If anyone wants this leave a note and I can look into it in the future.
By the way, since there's a ton of backup crashing that seem memory related... is it possible to improve the logging so that there's something in there saying "OutOfMemory" or something like that so poeple know why it's crashing?
Yeah, I would love this as well. Sadly, there seems to be no way on linux to know this reliably.
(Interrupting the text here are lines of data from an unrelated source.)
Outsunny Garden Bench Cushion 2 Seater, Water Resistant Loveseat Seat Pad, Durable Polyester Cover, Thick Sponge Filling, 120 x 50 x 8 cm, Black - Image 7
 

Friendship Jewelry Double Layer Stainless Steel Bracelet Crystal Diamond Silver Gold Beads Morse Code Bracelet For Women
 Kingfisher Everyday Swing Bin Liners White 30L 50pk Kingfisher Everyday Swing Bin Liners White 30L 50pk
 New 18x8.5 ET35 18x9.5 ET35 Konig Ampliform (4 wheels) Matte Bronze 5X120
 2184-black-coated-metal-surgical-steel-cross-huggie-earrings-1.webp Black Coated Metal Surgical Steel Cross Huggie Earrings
A process just gets killed unceremoniously with SIGKILL and that's that 😕 If anyone know how this can be detected would be great.
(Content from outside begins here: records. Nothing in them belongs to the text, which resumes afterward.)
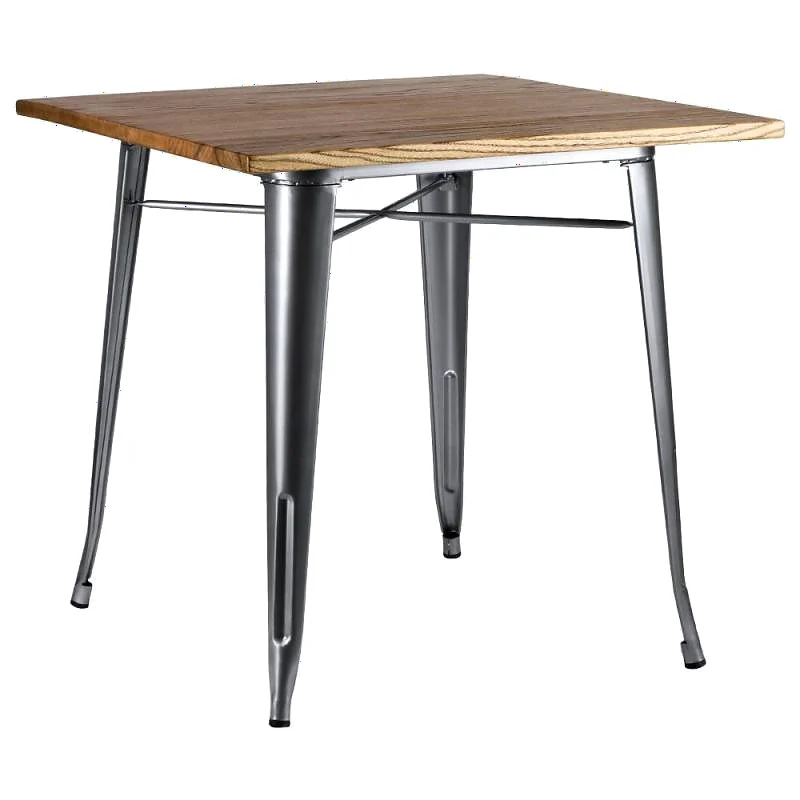 Mesa de hosteleria meyer 80x80 en madera natural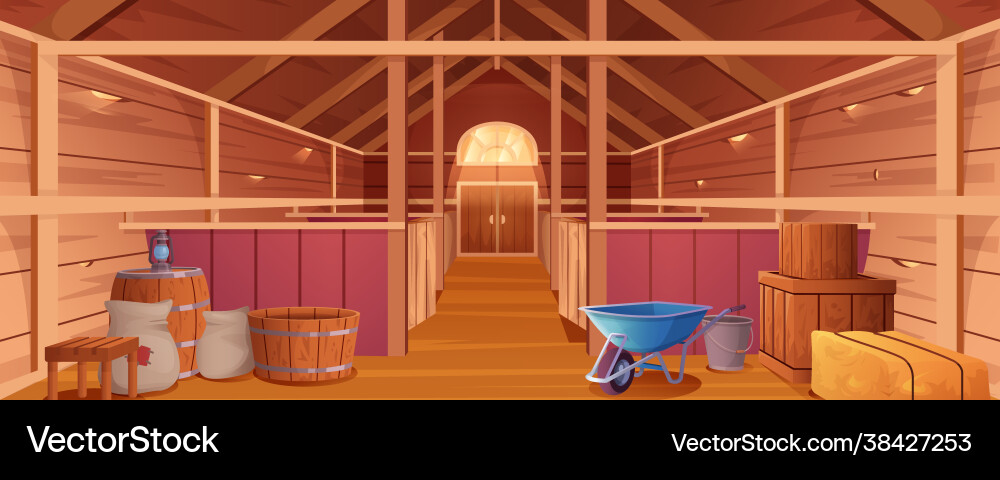 Horse stable interior or farm barn for animals Vector Image
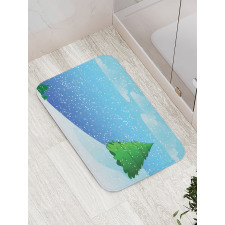 Snow Pouring onto Trees Bath Mat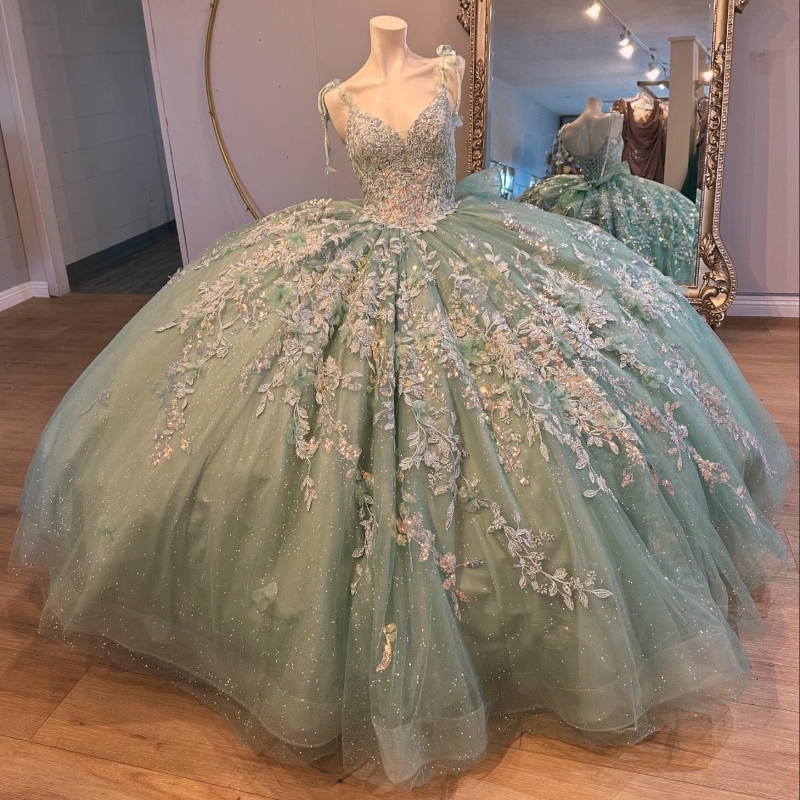 Mint Green Shiny Quinceanera Dresses Ball Gown Applique Lace Beads Bow Tulle Lace-Up Backless Party Princess Sweet 16 Dress Vestidos De 15 Anos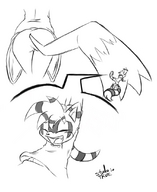 drawing furry monochrome sonic_the_hedgehog sketch blaze_the_cat dangling_from_tail uini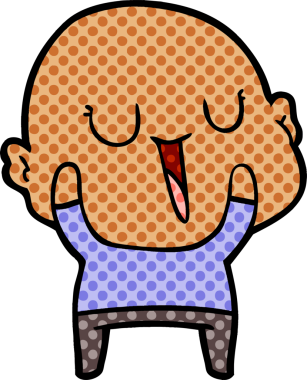 Bir insan tarafından çizilmiş mutlu, kel adam.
Not sure what was going on before but things appear to be working fine now.
Thank you @girish for the clarification on the different types of backups referenced in the log and the explanation that preserveSecs will remain for 3 weeks regardless of the normal backup retenetion period.
@d19dotca Yes, I think you're right, thank you.
I need to look into that.
Or move some long term storage files ("archive") into Minio.
That might just be moving the problem, but dividing the problem might be a partial solution.
@girish Thanks for looking at this. Just triggered another backup with all apps active and it succeeded. I guess then it's finally time to move to the new hardware (plus making sure that the new system is using the c locale by default)
@girish haha, yeah that's fair. Deleting backups is probably one of those tasks that should intentionally be difficult to do to avoid any issues (i.e. they need to delete the backups manually).
Only thing I can suggest maybe is a little icon designation either beside each of the backups that is past the retention policy (or part of a version upgrade backup) that explains it quickly and links to the docs or something, or maybe just one overall info button in the corner of the backups page or something. Not sure which is most feasible. I'll file a feature request formally for that though in a moment.
@girish no, they're pretty useless. Their web UI S3 console is such crap it can't handle the chatty API requests and keeps timing out. Also I may be wrong that multiple directories are because of failures and restarts. It just looks like multiple changed apps per day get a new dir.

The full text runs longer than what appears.